• _SOURCE MATERIAL_:
Segment Open
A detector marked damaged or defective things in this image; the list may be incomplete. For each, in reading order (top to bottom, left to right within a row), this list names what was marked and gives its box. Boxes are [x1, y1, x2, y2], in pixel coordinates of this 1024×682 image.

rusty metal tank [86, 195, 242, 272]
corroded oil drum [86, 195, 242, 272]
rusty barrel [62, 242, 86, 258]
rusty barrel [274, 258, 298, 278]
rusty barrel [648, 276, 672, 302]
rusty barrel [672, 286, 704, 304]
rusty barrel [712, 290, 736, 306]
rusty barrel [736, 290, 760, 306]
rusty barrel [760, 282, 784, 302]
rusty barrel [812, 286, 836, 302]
Segment Closed
• _WORK ITEM_: A complete, exact repeat of the records is the required answer.

• _RESPONSE FOR THIS EXERCISE_:
A detector marked damaged or defective things in this image; the list may be incomplete. For each, in reading order (top to bottom, left to right within a row), this list names what was marked and gives its box. Boxes are [x1, y1, x2, y2], in pixel coordinates of this 1024×682 image.

rusty metal tank [86, 195, 242, 272]
corroded oil drum [86, 195, 242, 272]
rusty barrel [62, 242, 86, 258]
rusty barrel [274, 258, 298, 278]
rusty barrel [648, 276, 672, 302]
rusty barrel [672, 286, 704, 304]
rusty barrel [712, 290, 736, 306]
rusty barrel [736, 290, 760, 306]
rusty barrel [760, 282, 784, 302]
rusty barrel [812, 286, 836, 302]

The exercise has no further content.